YES!
And it's delicious too!
Although I am a self-proclaimed carb-o-holic, I won't eat a meal unless I've got a gargantuan amount of greens to go with it, and protein, I'm all about the protein. I've been obsessed with my Quinoa Crust but I needed a way to incorporate my greens and protein into my pizz, so Grilled Chicken Salad Pizza was created!
The title is long, but it was too hard to omit any bit of this tasty gluten free and dairy free goodness! This recipe is flexible, and can be made with whatever green base you prefer and topped with all your favorite salad fixings, I just chose what I got fresh this week at the Farmer's Market.
1 Grilled Balsamic Chicken Breast (*see below for instructions*)
1 Quinoa Pizza Crust
Base Greens of Your Choice (Fresh Spinach, Kale, Spring Mix, Etc.)
Sliced Tomatoes
Balsamic Vinegar (ensure that your brand is gluten free)
Olive Oil to Drizzle
Spices of your choice: Basil (fresh/dried), Oregano, Crush Red Pepper
1. Make quinoa crust pizza, or defrost pre-prepped and frozen quinoa crust
2. Top pizza crust with bed of greens
3. Drizzle Balsamic Vinegar, Olive Oil, and any spices across bed of greens
(This prevents your crust from becoming soggy!)
4. Add additional greens, tomato slices, and any other salad toppings
5. Slice cooked and partially cooled grilled chicken, add on top
6. Sprinkle with shredded mozzarella/Go Veggie Rice Mozzarella Shreds
7. Add additonal dressing if desired
8. Enjoy!
Grilled Balsamic Chicken
1 Defrosted and Cut into Strips Chicken Breast
Balsamic Marinade:
- Balsamic Vinegar + 1 Tablespoon Olive Oil + 1 tsp. Minced Garlic
- Ken's Balsamic Vinaigrette (gluten free)
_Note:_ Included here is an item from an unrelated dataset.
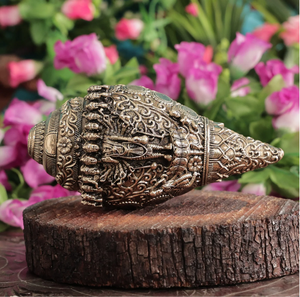 Intricately carved golden brass shankh displaying Lord Vishnu resting posture, ideal for gift, available at wholesale prices. - Product Image 6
- Balsamic Dressing of Your Choice
1. Cut chicken into strips, add to bag with marinade, let sit for at least four hours
2. Grill chicken on a grill, with a grill pan, or use my No Grill Method
OR use my Juicy Baked Chicken Method and then shred the cooked chicken
3. Let chicken cool a bit, cut up, and then add to your Salad Pizza

- Additional Salad Ideas to top your pizza with:
- Bell Peppers (Red, Green, Orange, Yellow)
- Red Roasted Peppers
- Sprouts
- Fresh Basil
- Cucumbers
- Chia Seeds/Flax Seeds
- Avocado
Use chickpeas/kidney beans/tofu/tempeh instead!
- I prefer this served cold, so I chilled mine in the fridge
- Keep the Balsamic and Oil out for extra dipping!